Kentucky Jail program has new leader and sees better results Alcohol and drugs put an end to man's hopes for an NFL career

By Todd Kleffman

The Advocate Messenger

DANVILLE, Ky. (AP) -- As a self-described alcoholic bully who likes to fight, Jared Thomas knows one when he sees one.

And Thomas saw one when William Northington entered the Substance Abuse Program at the Boyle County Detention Center.

"He's big and aggressive. He's got scars on his face. I knew the other guys would be listening to him," explained Thomas, director of the SAP. "I knew if we couldn't get him on our side, we'd have to take the power away from him."

Northington turned out to be a team player of the first order. He came into the program April 6, his fourth stab at rehab during a life spent in and out of prison on alcohol- and drug-fueled charges, including assault on a police officer. After taking on leadership roles within the Boyle jail, he's leaving this week a free man, his parole earned by completing the SAP.

A construction worker all of his life, Northington, 45, now plans to go to college. He wants to be a substance abuse counselor.

"I grew more as a person these last six months than I have in the past 20 years," Northington said.

Thomas himself is not far removed from Worthington's shoes. Sober just 3 1/2 years, Thomas, 43, finally got serious about his own rehabilitation after he squandered a life of privilege as a football star and came out on the other side a man motivated to help steer other men out of the ditch and back on the right road.
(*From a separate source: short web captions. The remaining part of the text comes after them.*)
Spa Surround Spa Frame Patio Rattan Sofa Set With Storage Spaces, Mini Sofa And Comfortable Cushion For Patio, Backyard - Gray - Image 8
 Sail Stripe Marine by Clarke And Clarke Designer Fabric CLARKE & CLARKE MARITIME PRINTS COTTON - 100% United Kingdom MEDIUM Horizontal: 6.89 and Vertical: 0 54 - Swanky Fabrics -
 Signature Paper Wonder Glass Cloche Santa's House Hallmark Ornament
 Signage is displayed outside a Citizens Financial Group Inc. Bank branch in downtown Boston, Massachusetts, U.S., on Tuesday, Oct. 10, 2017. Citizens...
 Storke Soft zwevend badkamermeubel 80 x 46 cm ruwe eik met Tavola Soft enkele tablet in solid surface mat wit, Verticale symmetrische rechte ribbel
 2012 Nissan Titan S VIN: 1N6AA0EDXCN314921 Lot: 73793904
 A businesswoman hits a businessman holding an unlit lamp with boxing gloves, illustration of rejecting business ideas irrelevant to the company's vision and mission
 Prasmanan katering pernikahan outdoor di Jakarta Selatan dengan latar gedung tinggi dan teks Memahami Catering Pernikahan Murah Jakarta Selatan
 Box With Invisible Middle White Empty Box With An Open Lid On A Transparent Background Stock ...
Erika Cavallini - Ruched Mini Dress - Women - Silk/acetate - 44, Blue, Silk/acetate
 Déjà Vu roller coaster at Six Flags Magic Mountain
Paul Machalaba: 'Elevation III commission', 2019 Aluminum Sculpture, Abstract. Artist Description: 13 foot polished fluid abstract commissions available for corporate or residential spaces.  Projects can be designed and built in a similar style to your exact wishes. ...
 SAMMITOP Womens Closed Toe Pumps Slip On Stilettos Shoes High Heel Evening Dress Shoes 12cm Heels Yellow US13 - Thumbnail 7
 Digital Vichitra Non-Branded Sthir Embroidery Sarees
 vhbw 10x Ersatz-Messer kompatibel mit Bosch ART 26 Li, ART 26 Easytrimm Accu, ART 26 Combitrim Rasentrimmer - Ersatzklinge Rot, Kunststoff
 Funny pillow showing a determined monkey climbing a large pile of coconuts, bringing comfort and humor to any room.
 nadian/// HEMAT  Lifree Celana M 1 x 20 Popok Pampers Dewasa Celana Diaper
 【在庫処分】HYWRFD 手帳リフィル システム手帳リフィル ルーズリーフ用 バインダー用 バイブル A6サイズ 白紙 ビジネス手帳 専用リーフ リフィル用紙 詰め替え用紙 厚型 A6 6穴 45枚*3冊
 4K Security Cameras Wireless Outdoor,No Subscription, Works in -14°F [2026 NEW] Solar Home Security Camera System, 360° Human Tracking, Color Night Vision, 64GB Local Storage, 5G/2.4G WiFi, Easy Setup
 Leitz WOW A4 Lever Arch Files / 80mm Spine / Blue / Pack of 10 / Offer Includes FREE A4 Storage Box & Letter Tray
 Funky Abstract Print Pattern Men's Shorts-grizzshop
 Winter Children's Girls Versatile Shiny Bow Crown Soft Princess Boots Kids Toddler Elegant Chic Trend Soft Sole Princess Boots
"I've been drinking my whole life. I was always the wildest kid," Thomas said. "In high school, I probably drank three or four times a week. By the time I got to college, I was pretty much out of control. I was a bully, drinking and fighting all the time. Nobody would arrest me because I was a ballplayer. They just took me home or told me to leave. There were no consequences for my behavior."

A West Virginia native, Thomas went to Marshall University, where he played free safety on the football team for three years before finishing out his college career at Morehead State.

"I was known as a 'hitter' and I did alcohol like I played the game -- wide open," he said.

Thomas said he was good enough that his former coach, Rex Ryan -- now head coach of the NFL's New York Jets -- invited him to try out for the Arizona Cardinals. That was about the time his father died of alcoholism in 1992, and Thomas said his father's death took him further down the path of addiction.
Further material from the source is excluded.